Vernell thought about that for a full minute. Then she said, “All right. I’ve heard of it, but I’ve never seen it. For all I know, it doesn’t even exist.”

“It exists all right,” Rhodes told her. “Where’d you hear about it?”

“From Henrietta,” Vernell said. “She took great pleasure in telling me all about it. She said that before long, everybody in Clearview and the whole world was going to know what kind of bitch I am.”

“What did she mean by that?”

“I assume she thought the book would be published. She always did have a high opinion of her own writing. Much too high an opinion, I might add. She couldn’t write a publishable page, much less a publishable book.”

“It’s not
that
bad.”

“You’ve read it?”

“Yes.”

“Well, you’re not the only one. I heard about it from other people, too.”

“Who?”

“Lorene Winslow, for one. She was practically Henrietta’s only friend. She’d read it. She thought it was funny.”

Rhodes hadn’t thought so, but he could see how Lorene might get that impression.

“Has Jeanne Arnot read it?”

“I don’t know. Why?”

“I just wondered. If Henrietta was planning to sell it, she’d need an agent.”

“Not Jeanne. She turned down three of Henrietta’s manuscripts. Henrietta hated her.”

Somehow that didn’t come as much of a surprise to Rhodes.

“What did Henrietta have against Terry Don?” he asked.

“You mean you don’t know?”

“If I knew, I wouldn’t ask.”

“You don’t have to get huffy. I guess I just took it for granted that the sheriff knew everything that went on in the county.”

“Not this sheriff,” Rhodes said.

“There’s no real reason why you should have known,” Vernell said. “It was all a long time ago. Henrietta and Terry Don dated in high school. And she got the idea that he was going to marry her when they graduated. It was sort of like her idea that she was going to be a writer, I guess, something that was mostly in her head.”

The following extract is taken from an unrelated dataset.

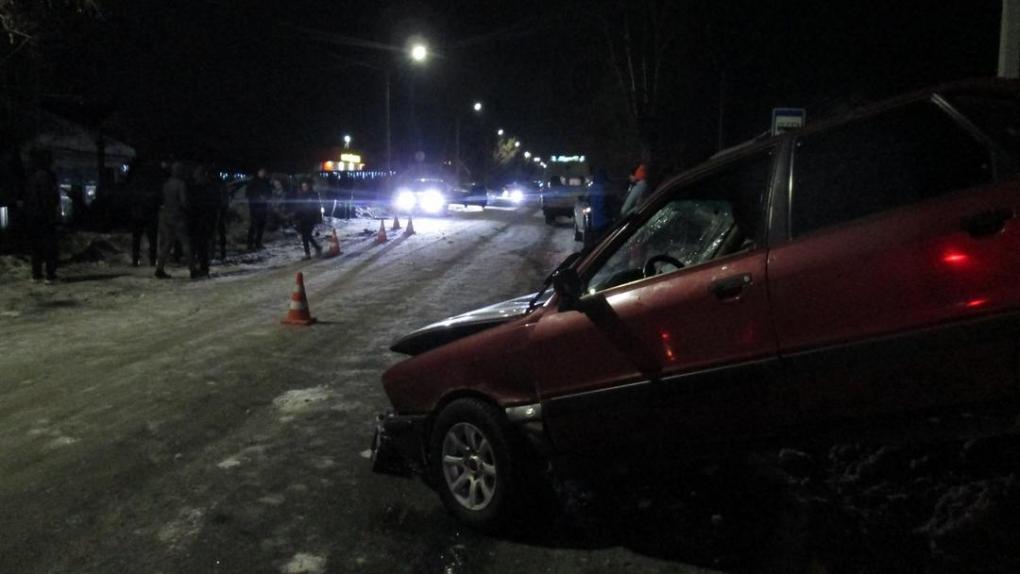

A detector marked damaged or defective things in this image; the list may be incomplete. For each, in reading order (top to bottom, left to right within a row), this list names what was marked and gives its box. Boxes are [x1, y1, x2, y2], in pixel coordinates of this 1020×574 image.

broken front bumper [371, 411, 426, 479]
red damaged car [371, 81, 1020, 530] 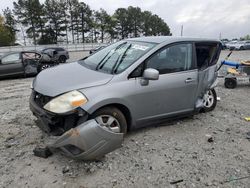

All that was news to Rhodes, and it slightly changed the way he’d been looking at things.

“Serena Thayer’s in the book, too,” he said.

“Oh, my God. What does it say?”

Rhodes told her.

“I hope Serena hasn’t heard that. She’d kill Henrietta.”

Rhodes started to remind Vernell that someone already had, but Vernell thought of it for herself.

“Oh, my God,” she said again. “Serena has a terrible temper. Everyone knows about it, but nobody ever talks about it.”

Rhodes remembered a few incidents from the book. One episode described Serena’s attack on a hotel maid with a high-heeled shoe. The maid’s crime had been her failure to put a chocolate mint on Serena’s pillow.

“Henrietta talked about it,” Rhodes said. “What did she have against Serena?”

“Terry Don,” Vernell said. “Everyone knows—” She stopped and looked at Rhodes. “Well, not everyone. But it was an open secret that Serena had a thing for Terry Don. Of course Terry Don is used to that sort of thing. I mean, look at him.”

Rhodes said he’d rather not, and he didn’t mention the other things that Henrietta had said about Terry Don. Probably everybody knew, anyway.